We live in Florida and take trips up to 4 nights long in the Everglades. Can you point me in the direction of the best quality/price "monsoon"-proof 3-4 person tent that will keep sleeping bags dry in heavy rains, for, say, <$200? Optimally something that wraps up small, probably has a "bathtub" bottom, and won't be full of little pin holes within a few years.
If you are talking about backpacking, then I don't think you'll have an easy time of it for the money you're able to spend. Occasionally, you might find a 3-4 persontent for around $100. Such tents are usually heavy and not likely to hold up well in the conditions you describe. Often they are not seam sealed, so you'd have apply the sealant yourself.
As I browse through the Campmor web site (they're my local outfitter), I see reasonable 3-4 person backpacker tents selling for $220-$250 minimum, with some prices as high as $500. Just so you understand, here are the trade-offs that you need to consider:
1) 3 season or 4 season? A 4 season tent is sturdier and more weatherproof (mostly wind/blizzard proof) but heavier and more expensive.
2) Ultralight? These tents are designed for the serious long distance backpacker, often made with special fabrics and titanium poles. They are usually 3 season tents because you have to sacrifice some sturdiness and weather resistance make them light. Also on the more expensive side.

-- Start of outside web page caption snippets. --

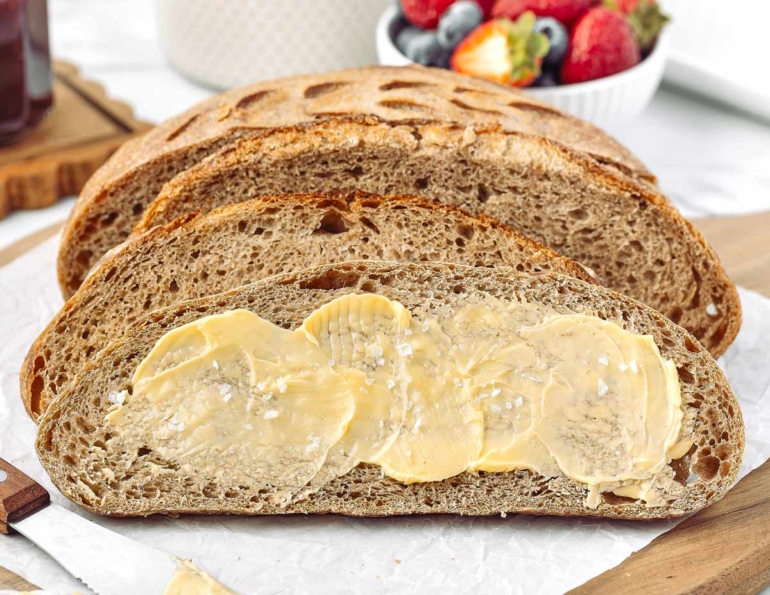 Sliced whole wheat sourdough bread spread with butter, showcasing its texture and crust.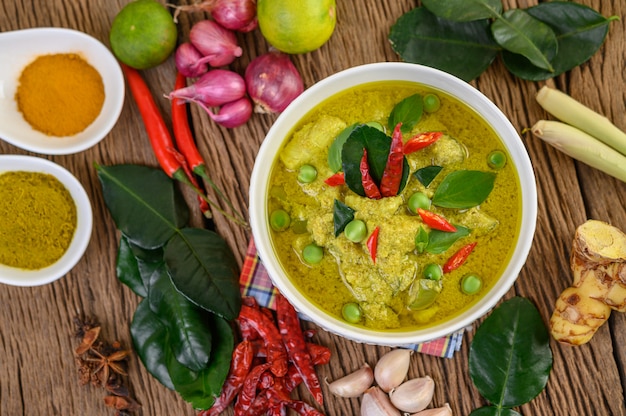 Free Photo green curry in a bowl and spices on wooden table.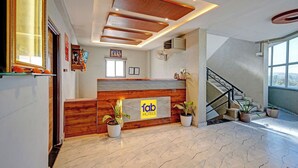 A hotel reception area with a wooden reception desk, potted plants, and a staircase leading to an upper floor. - Fabhotel Pearl Inn (Rajgurunagar)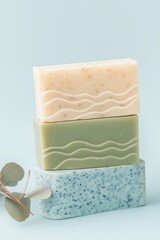 Natural handmade soap bar stacked with green, beige, and blue colors, decorative design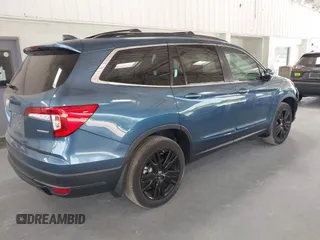 2021 Honda Pilot Special Edition with VIN 5FNYF5H27MB011413, listed as a IAAI auction lot 42082680 with 27,474 mi miles and . Bid and sale history available at carsss.com. Image 4.
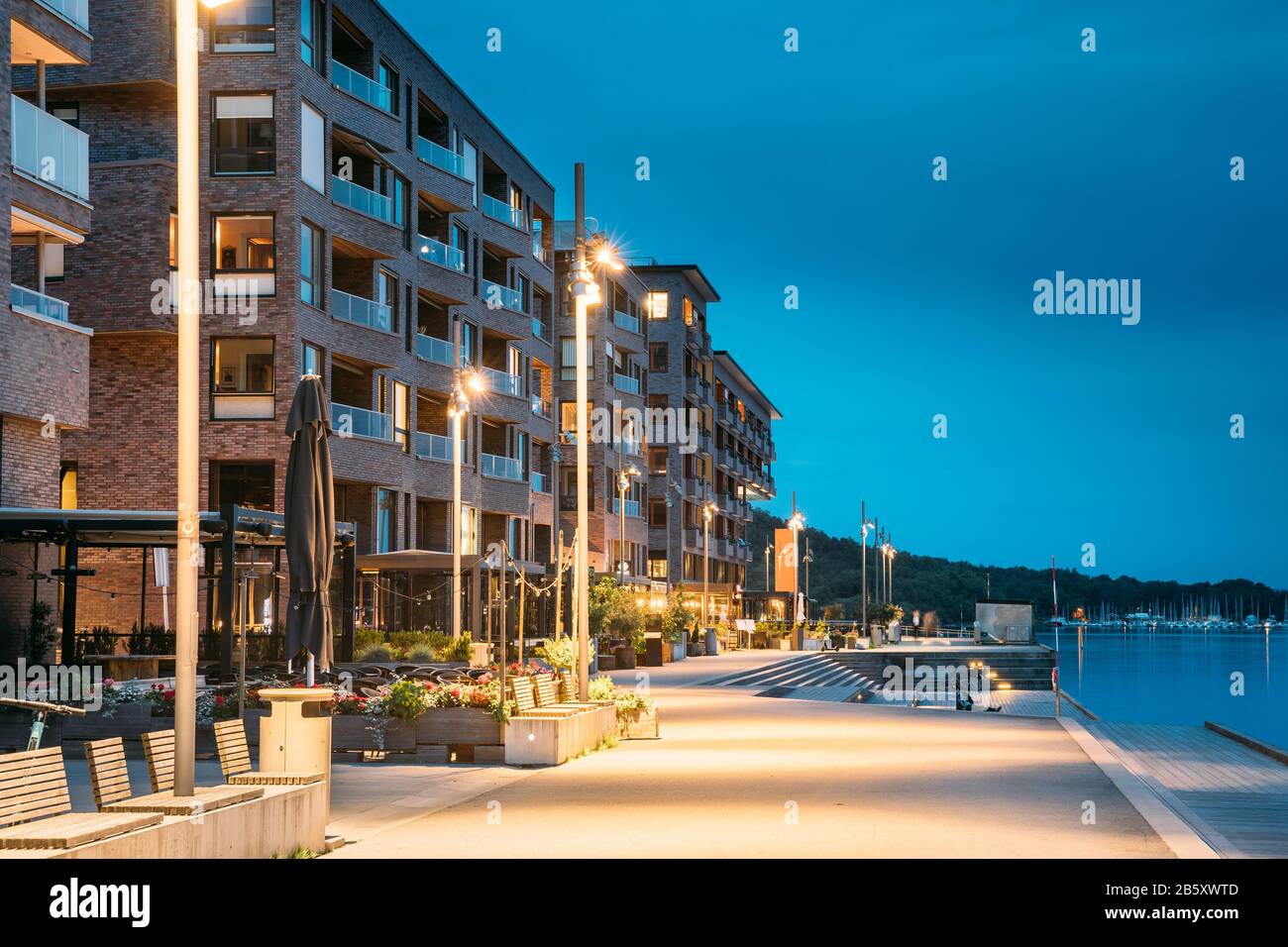 Oslo, Norway. Night View Embankment And Residential Multi-storey House On Sorengkaia Street In Gamle Oslo District. Residential Area In Summer Evening Stock Photo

3) Rain fly or single wall? Tents with rain flies are heavier, but tend to work better in damp conditions.
I have not backpacked in the extreme wet conditions that you describe, other than car camping in a large canvas tent that was extremely expensive, but practically bombproof. But based n your description, I would recommend a 3 season tent with a rain fly. Nearly all of these tents have fairly sturdy bathtub floors. You can increase the life of the floor by laying a groundsheet under your tent and never wearing anything other than socks when you're inside the tent. You shouldn't even bring shoes into your tent -- the grit you track in will increase the likelihood of perforating the floor.
Finally if you have a local outfitter whom you trust, I'd strongly recommend discussing your needs with them. Outfitters usually have a pretty good handle on the best equipment for their area, snd can often provide you with excellent advice.